_Work item_: Reproduce the records without their pictures, keeping every word as it is.

_Entries provided_:
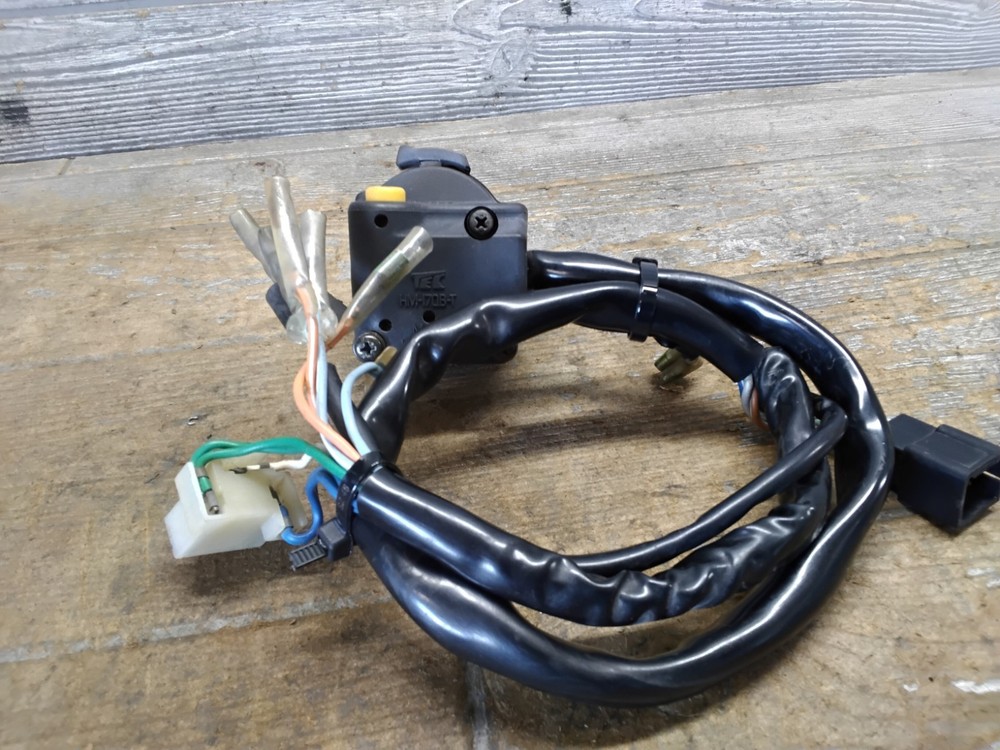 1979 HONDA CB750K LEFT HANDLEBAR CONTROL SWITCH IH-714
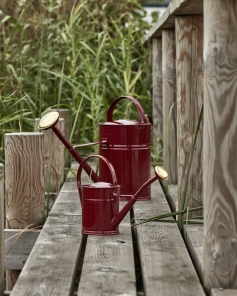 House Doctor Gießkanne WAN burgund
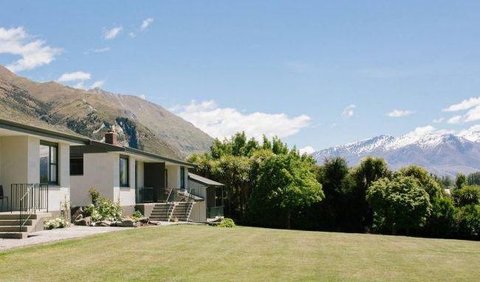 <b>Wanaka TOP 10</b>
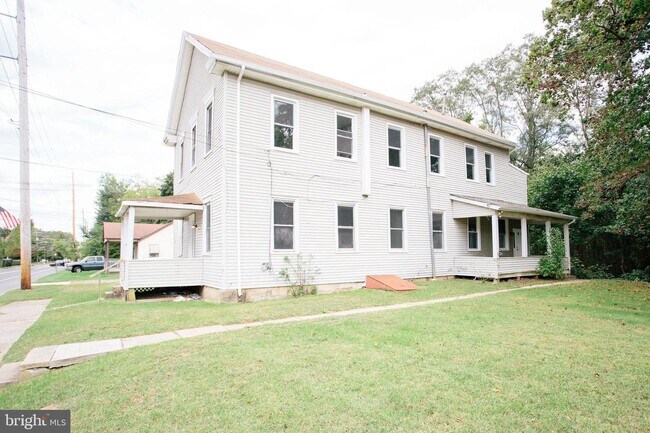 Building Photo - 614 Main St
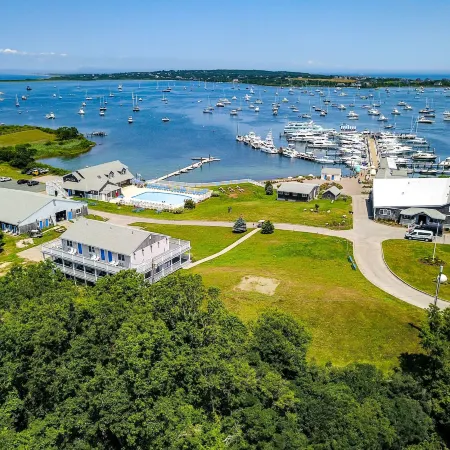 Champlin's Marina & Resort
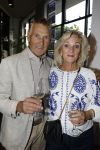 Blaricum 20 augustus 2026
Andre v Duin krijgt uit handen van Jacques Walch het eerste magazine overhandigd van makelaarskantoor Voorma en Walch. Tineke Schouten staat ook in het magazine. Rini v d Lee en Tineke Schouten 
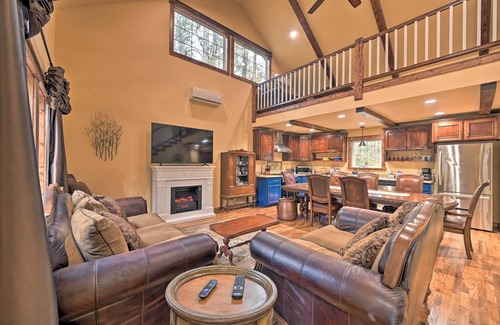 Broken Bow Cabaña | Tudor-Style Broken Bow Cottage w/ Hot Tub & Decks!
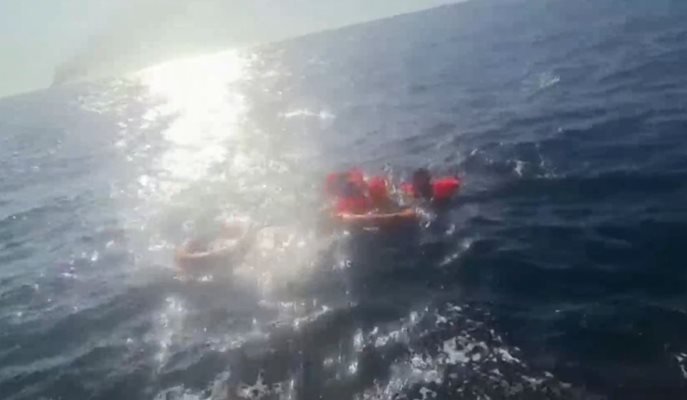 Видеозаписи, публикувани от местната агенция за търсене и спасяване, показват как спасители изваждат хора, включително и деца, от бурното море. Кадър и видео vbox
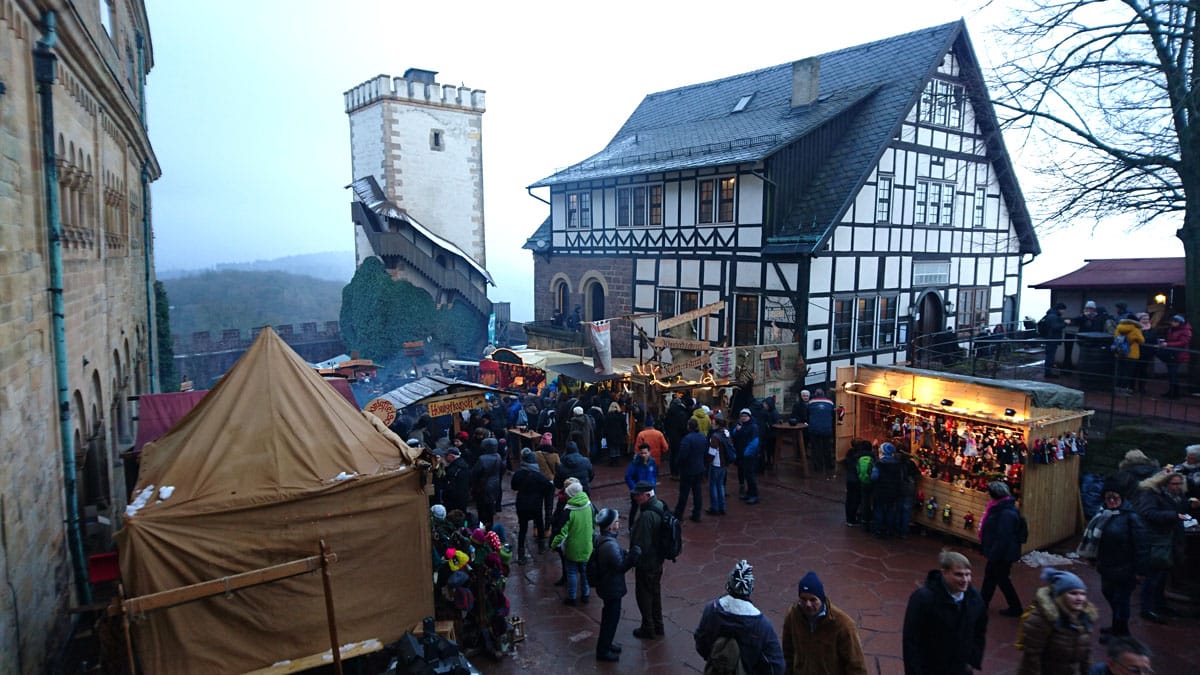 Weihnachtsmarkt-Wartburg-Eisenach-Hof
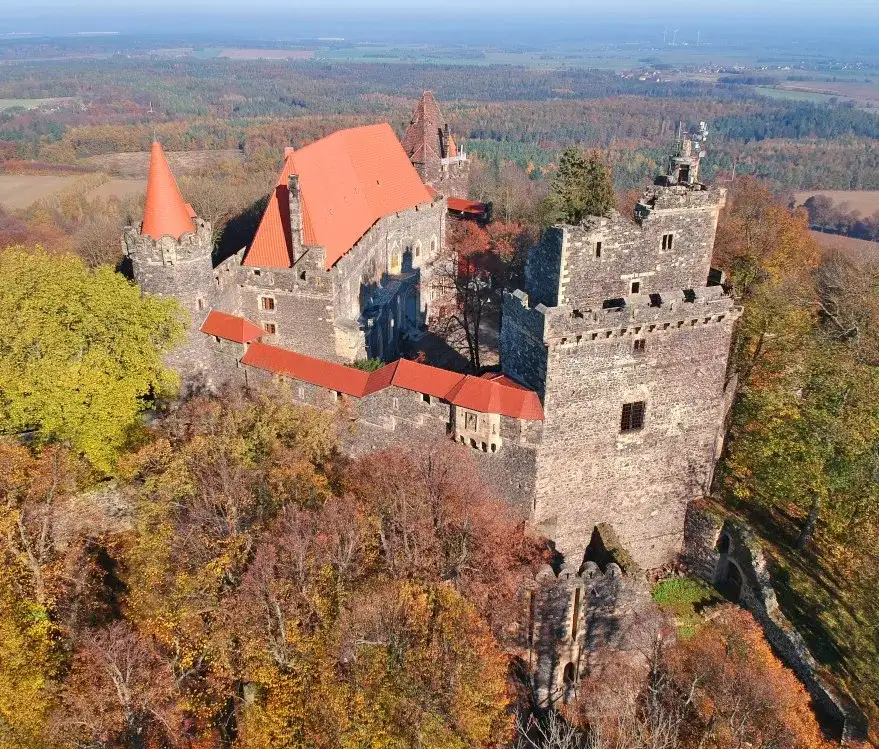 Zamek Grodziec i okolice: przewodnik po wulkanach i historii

_Result for this exercise_:
 1979 HONDA CB750K LEFT HANDLEBAR CONTROL SWITCH IH-714
 House Doctor Gießkanne WAN burgund
 <b>Wanaka TOP 10</b>
 Building Photo - 614 Main St
 Champlin's Marina & Resort
 Blaricum 20 augustus 2026
Andre v Duin krijgt uit handen van Jacques Walch het eerste magazine overhandigd van makelaarskantoor Voorma en Walch. Tineke Schouten staat ook in het magazine. Rini v d Lee en Tineke Schouten 
 Broken Bow Cabaña | Tudor-Style Broken Bow Cottage w/ Hot Tub & Decks!
 Видеозаписи, публикувани от местната агенция за търсене и спасяване, показват как спасители изваждат хора, включително и деца, от бурното море. Кадър и видео vbox
 Weihnachtsmarkt-Wartburg-Eisenach-Hof
 Zamek Grodziec i okolice: przewodnik po wulkanach i historii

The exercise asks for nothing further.